## [ENTRIES SHOWN]
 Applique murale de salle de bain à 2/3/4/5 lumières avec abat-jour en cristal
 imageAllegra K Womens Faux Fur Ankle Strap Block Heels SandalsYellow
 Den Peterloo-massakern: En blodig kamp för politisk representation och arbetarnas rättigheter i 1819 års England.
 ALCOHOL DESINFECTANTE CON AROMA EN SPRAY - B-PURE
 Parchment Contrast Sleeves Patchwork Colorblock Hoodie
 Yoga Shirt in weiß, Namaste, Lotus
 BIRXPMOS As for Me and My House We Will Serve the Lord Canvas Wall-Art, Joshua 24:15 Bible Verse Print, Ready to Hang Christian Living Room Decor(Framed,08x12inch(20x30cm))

---

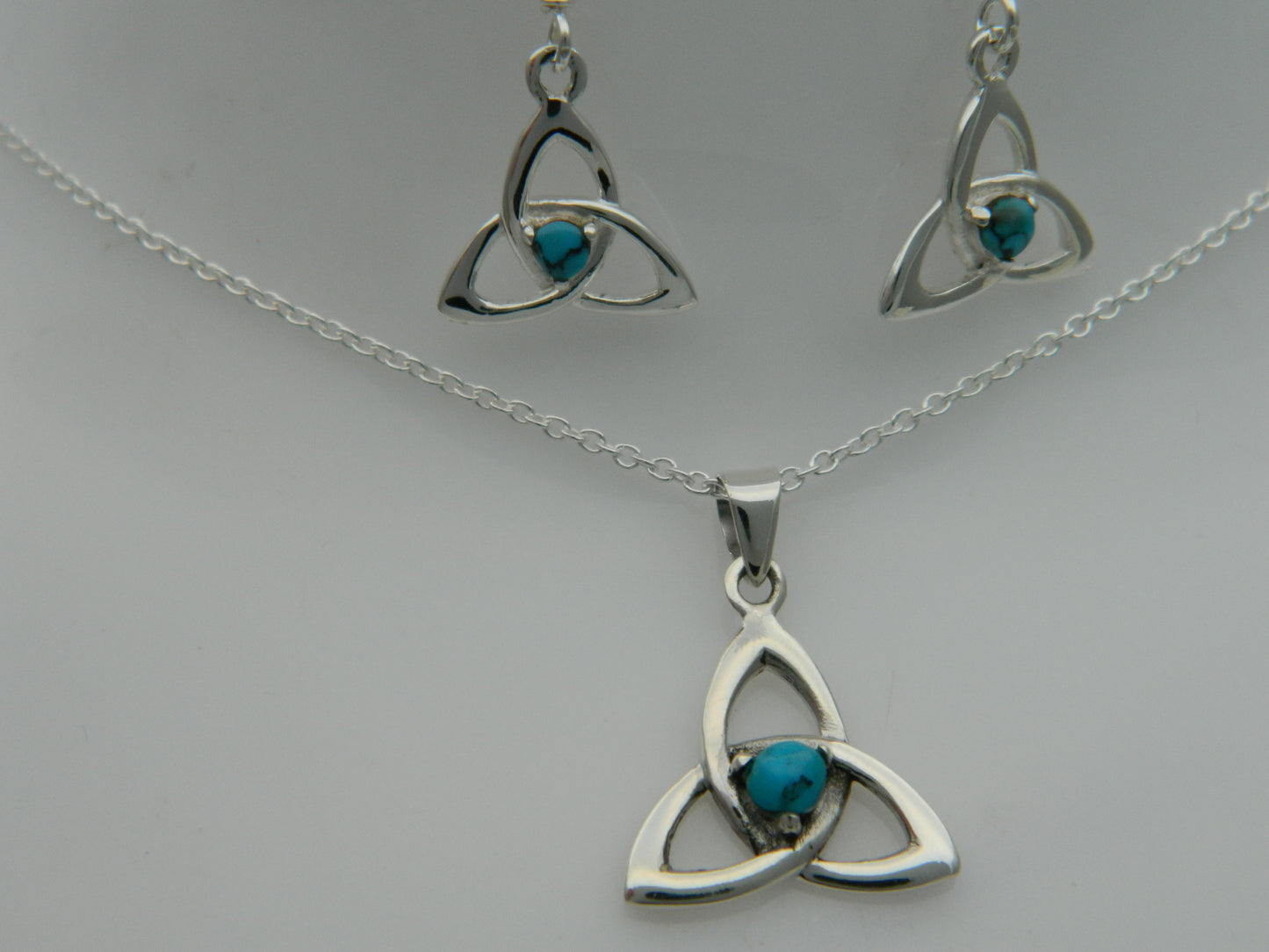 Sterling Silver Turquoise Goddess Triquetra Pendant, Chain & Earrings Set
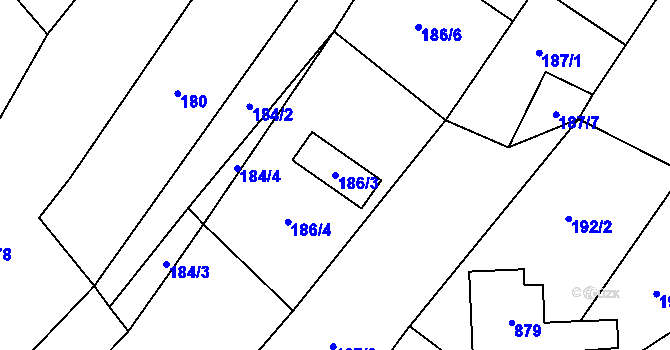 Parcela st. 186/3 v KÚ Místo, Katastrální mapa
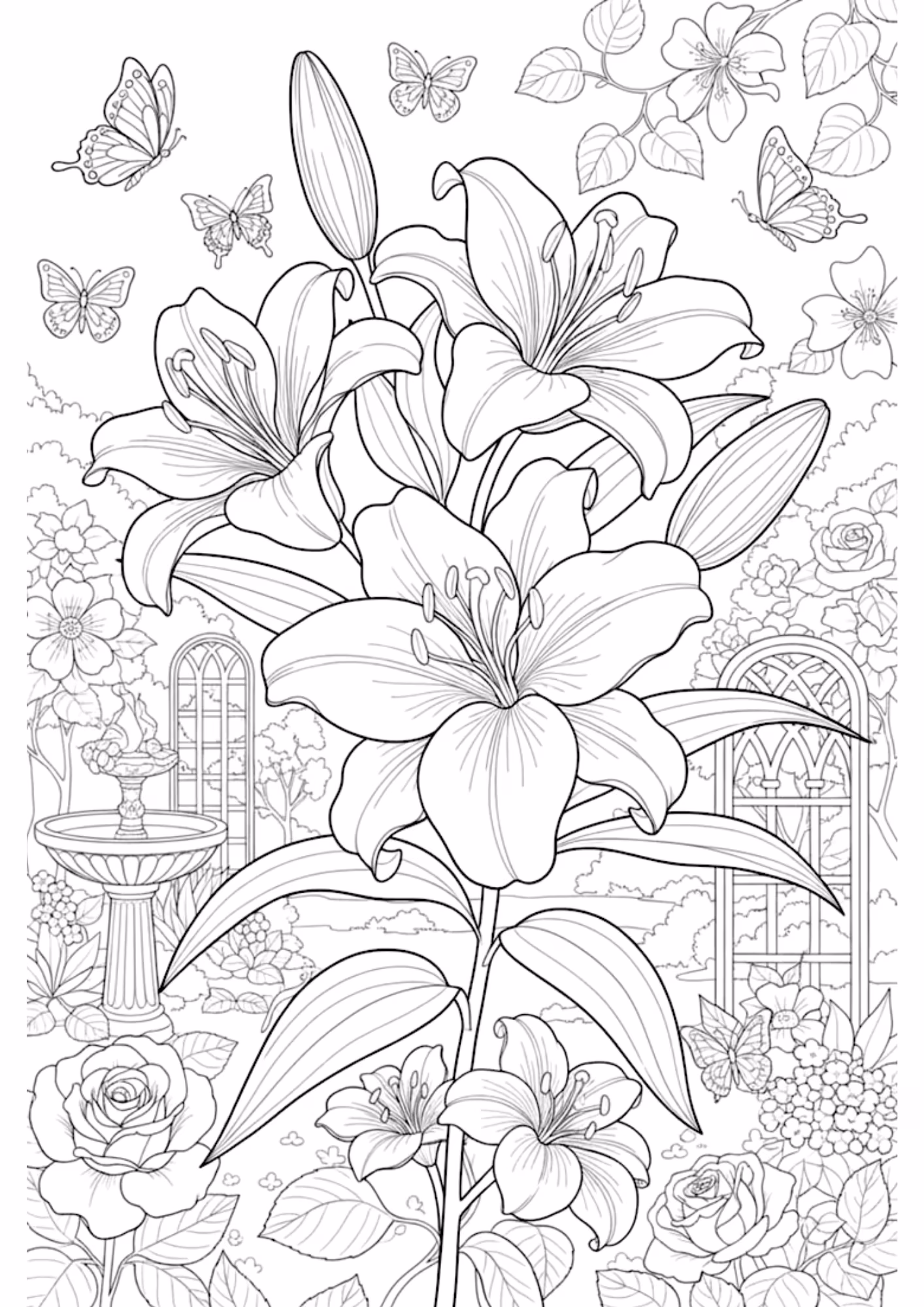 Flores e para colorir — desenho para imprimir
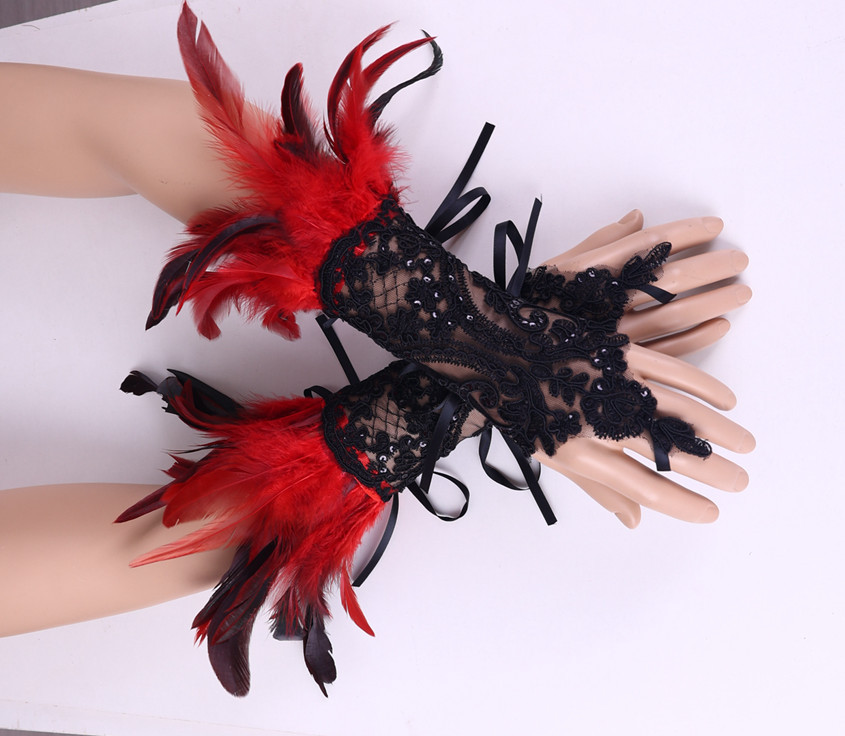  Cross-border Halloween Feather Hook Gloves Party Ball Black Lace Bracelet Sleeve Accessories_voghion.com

## [TASK STATEMENT]
An exact copy of the lines above from the one with "Parcela st. 186/3" up to and including the one with "Cross-border Halloween Feather" is required; reproduce only those lines, omitting all pictures.

## [ANSWER BOX]
 Parcela st. 186/3 v KÚ Místo, Katastrální mapa
 Flores e para colorir — desenho para imprimir
  Cross-border Halloween Feather Hook Gloves Party Ball Black Lace Bracelet Sleeve Accessories_voghion.com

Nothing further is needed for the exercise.